• SUPPLIED RECORDS
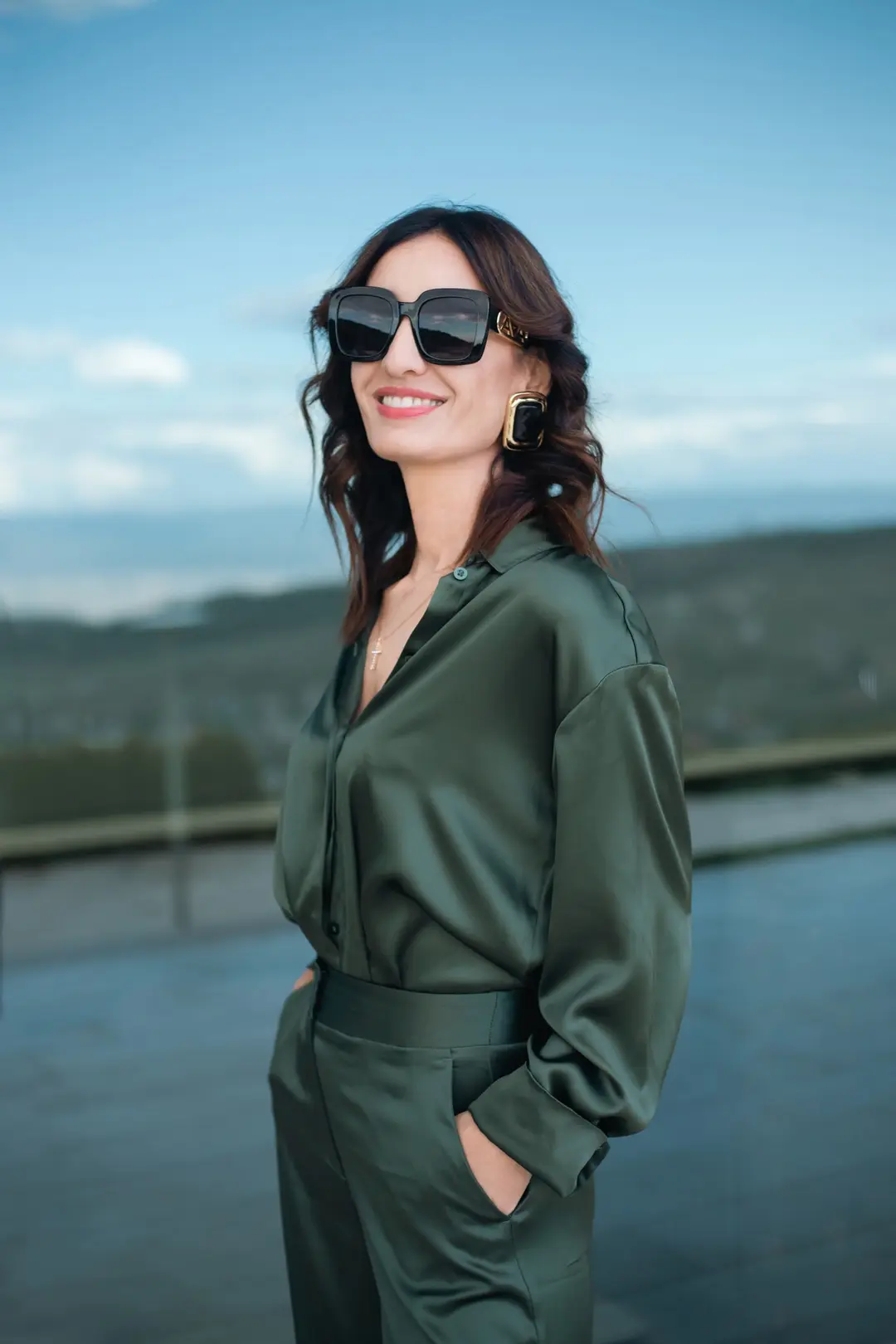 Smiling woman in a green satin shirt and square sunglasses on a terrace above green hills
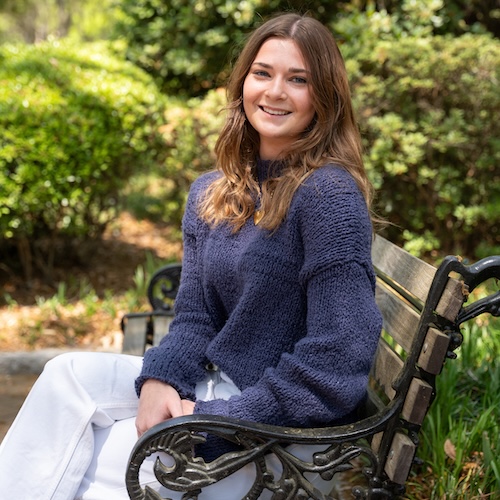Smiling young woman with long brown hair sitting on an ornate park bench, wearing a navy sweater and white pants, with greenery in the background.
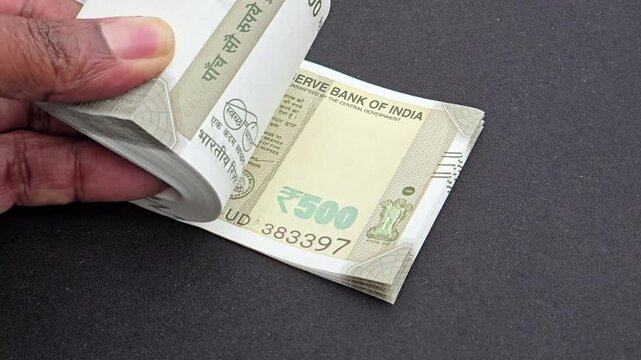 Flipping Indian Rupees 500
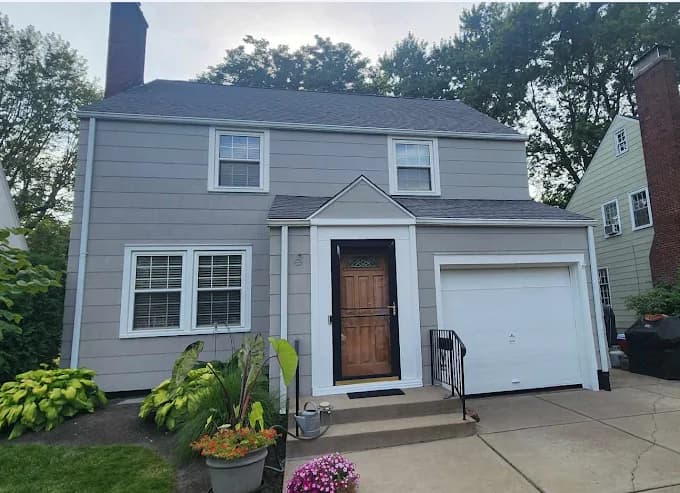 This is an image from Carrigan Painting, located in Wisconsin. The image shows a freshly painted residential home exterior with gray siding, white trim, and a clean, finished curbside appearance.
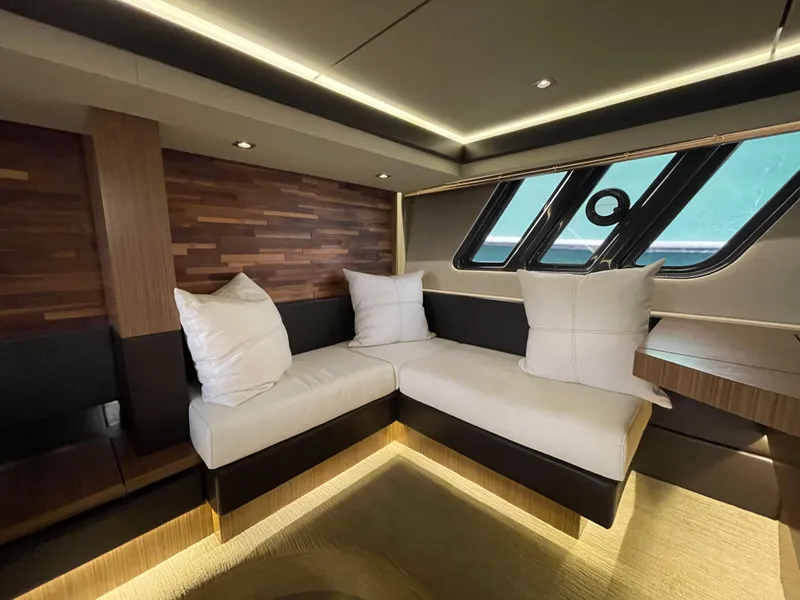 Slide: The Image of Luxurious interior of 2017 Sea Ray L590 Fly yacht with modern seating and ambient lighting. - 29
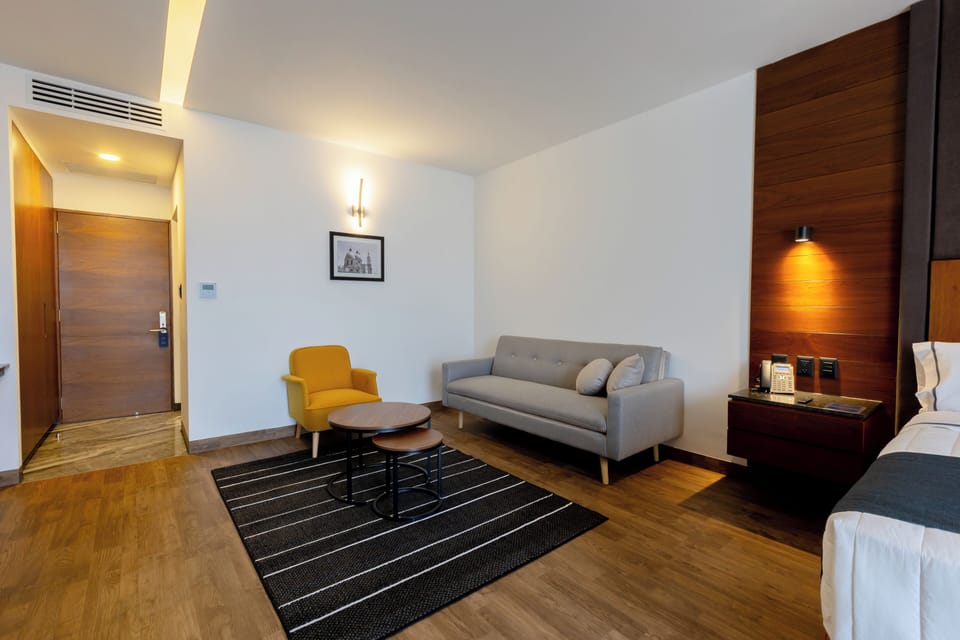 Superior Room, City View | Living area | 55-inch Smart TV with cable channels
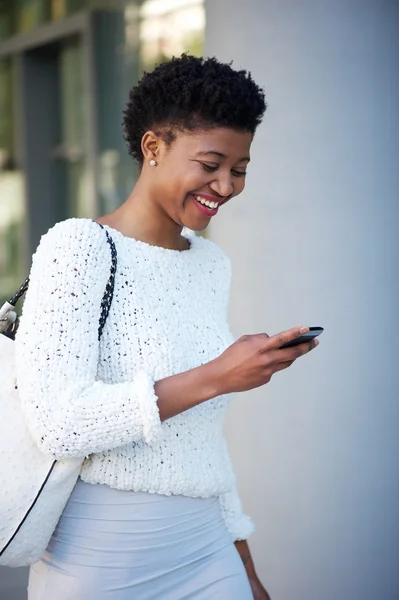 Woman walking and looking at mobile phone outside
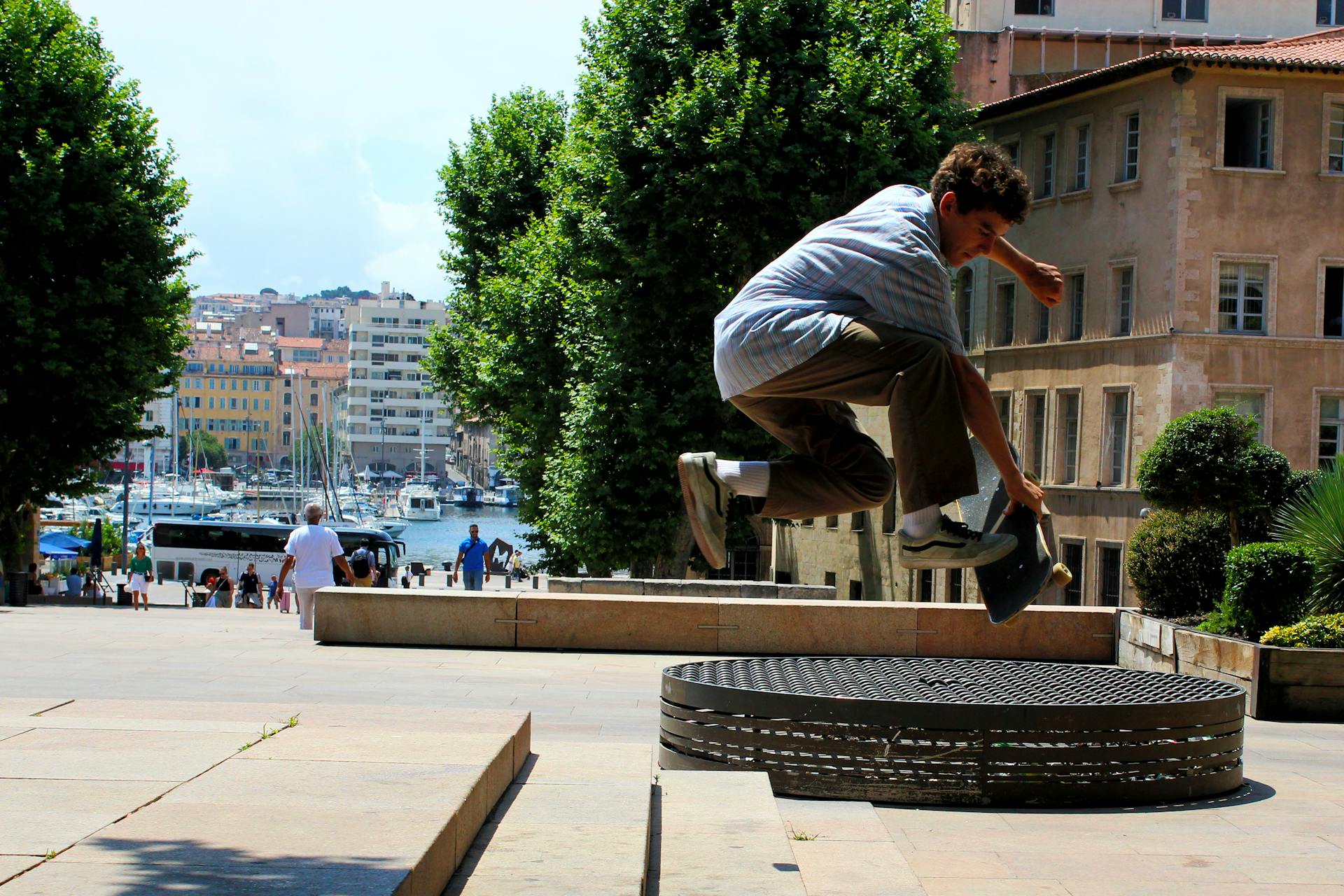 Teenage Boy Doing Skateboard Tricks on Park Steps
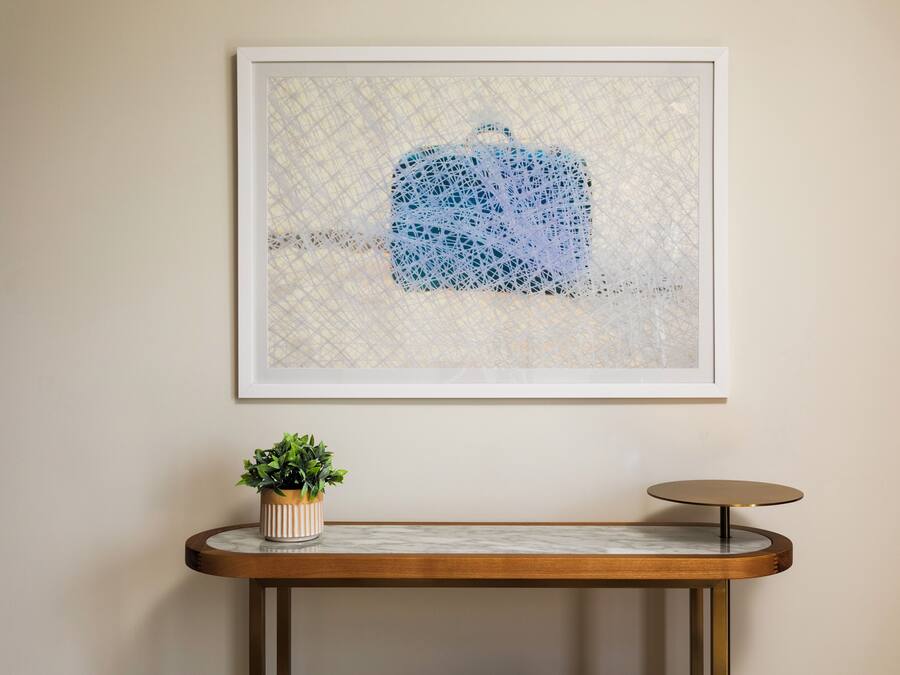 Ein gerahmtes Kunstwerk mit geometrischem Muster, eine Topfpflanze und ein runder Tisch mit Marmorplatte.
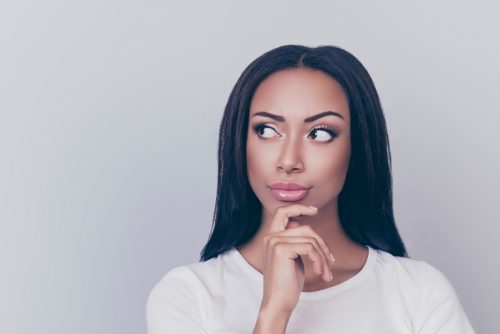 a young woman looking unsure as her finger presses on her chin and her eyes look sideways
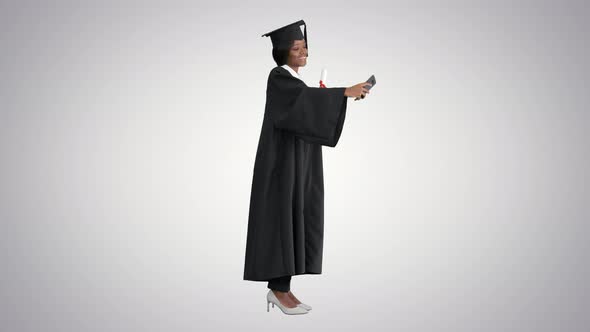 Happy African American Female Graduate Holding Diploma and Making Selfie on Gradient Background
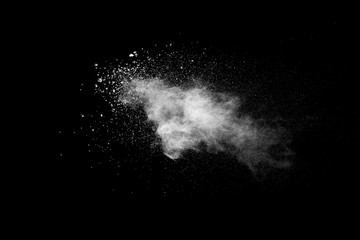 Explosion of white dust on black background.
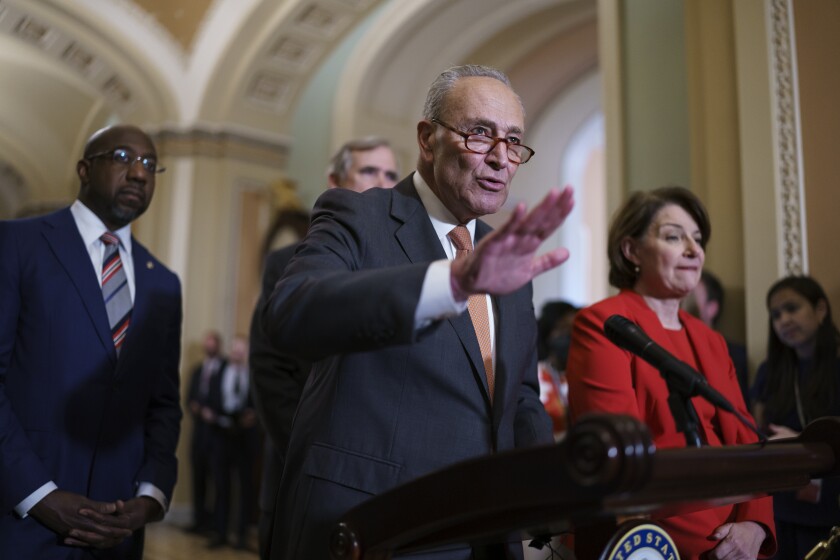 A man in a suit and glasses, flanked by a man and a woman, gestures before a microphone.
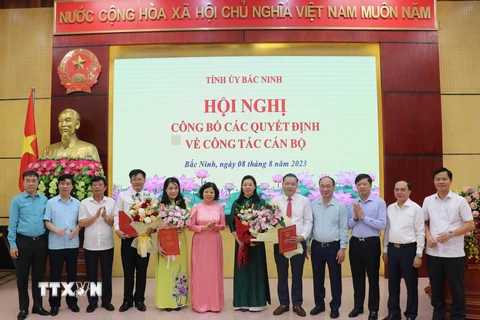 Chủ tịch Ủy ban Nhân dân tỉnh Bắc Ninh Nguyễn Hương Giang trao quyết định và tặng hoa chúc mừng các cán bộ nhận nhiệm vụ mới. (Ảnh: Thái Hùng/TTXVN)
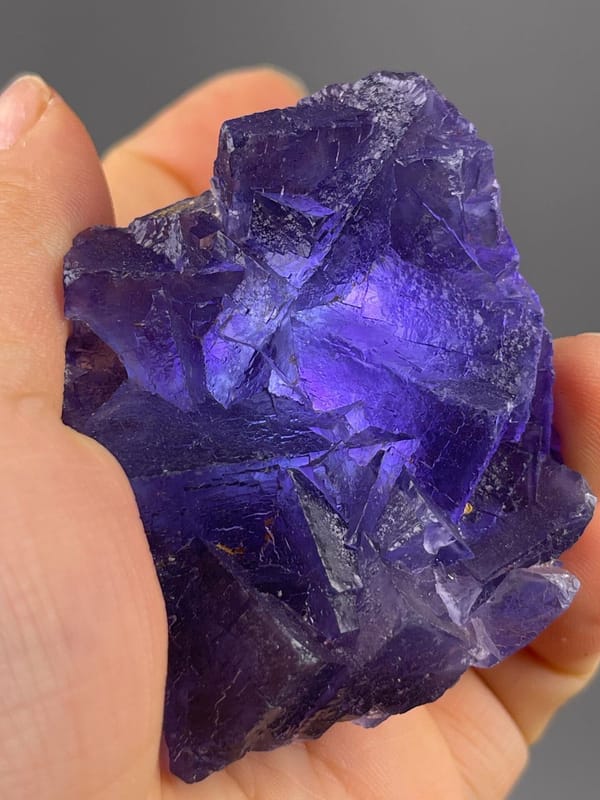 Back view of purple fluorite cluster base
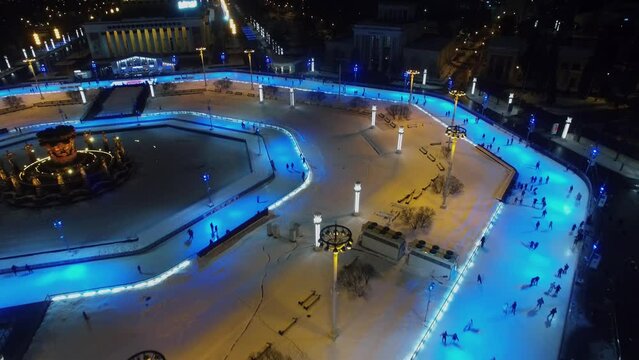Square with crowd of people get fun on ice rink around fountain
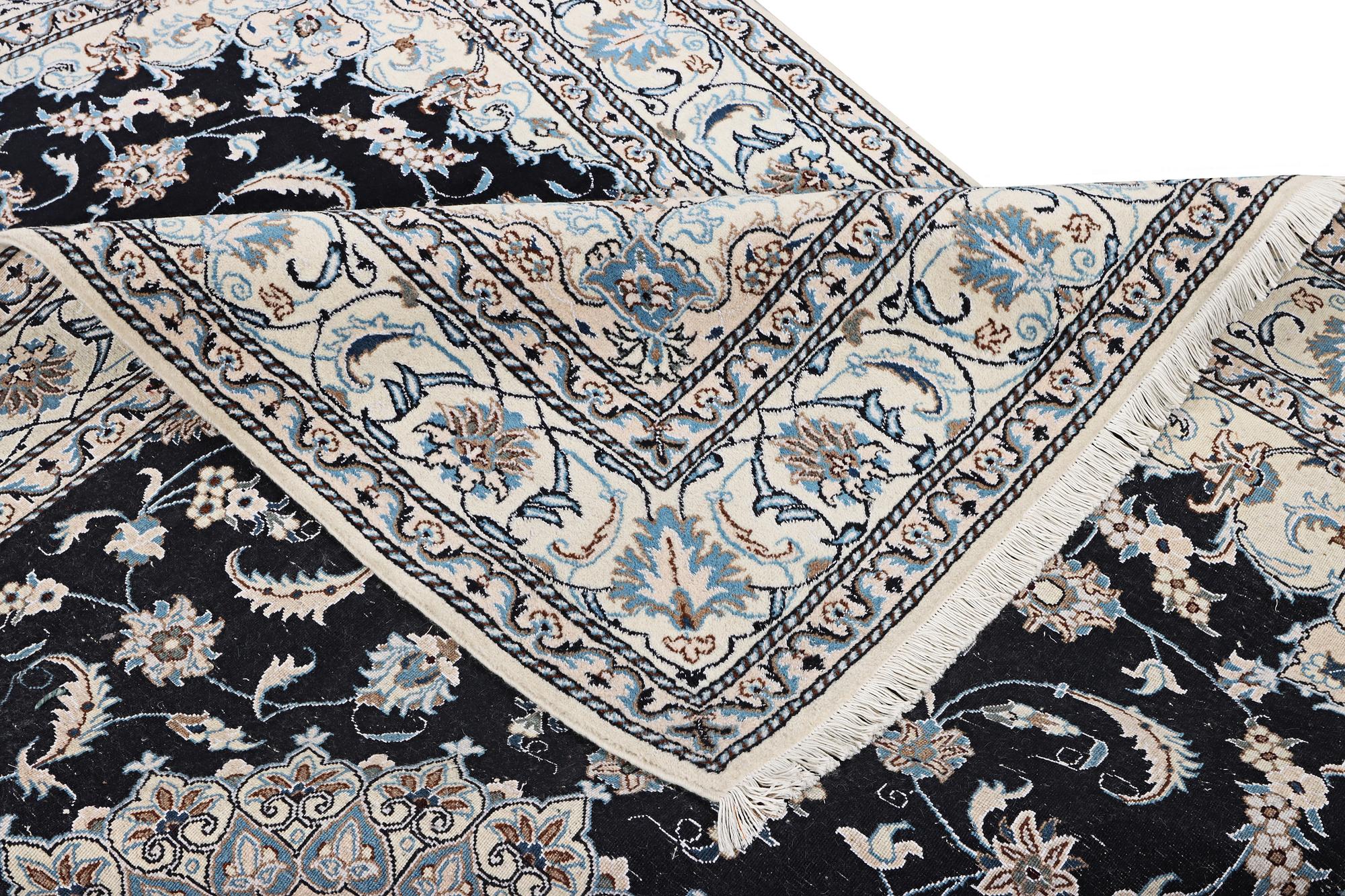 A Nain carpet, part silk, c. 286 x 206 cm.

• WHAT THIS TASK INVOLVES
Nothing but the records above, retyped exactly and stripped of images, should appear in the answer.

• WRITTEN ANSWER
 Smiling woman in a green satin shirt and square sunglasses on a terrace above green hills
Smiling young woman with long brown hair sitting on an ornate park bench, wearing a navy sweater and white pants, with greenery in the background.
 Flipping Indian Rupees 500
 This is an image from Carrigan Painting, located in Wisconsin. The image shows a freshly painted residential home exterior with gray siding, white trim, and a clean, finished curbside appearance.
 Slide: The Image of Luxurious interior of 2017 Sea Ray L590 Fly yacht with modern seating and ambient lighting. - 29
 Superior Room, City View | Living area | 55-inch Smart TV with cable channels
 Woman walking and looking at mobile phone outside
 Teenage Boy Doing Skateboard Tricks on Park Steps
 Ein gerahmtes Kunstwerk mit geometrischem Muster, eine Topfpflanze und ein runder Tisch mit Marmorplatte.
 a young woman looking unsure as her finger presses on her chin and her eyes look sideways
 Happy African American Female Graduate Holding Diploma and Making Selfie on Gradient Background
 Explosion of white dust on black background.
 A man in a suit and glasses, flanked by a man and a woman, gestures before a microphone.
 Chủ tịch Ủy ban Nhân dân tỉnh Bắc Ninh Nguyễn Hương Giang trao quyết định và tặng hoa chúc mừng các cán bộ nhận nhiệm vụ mới. (Ảnh: Thái Hùng/TTXVN)
 Back view of purple fluorite cluster base
Square with crowd of people get fun on ice rink around fountain
 A Nain carpet, part silk, c. 286 x 206 cm.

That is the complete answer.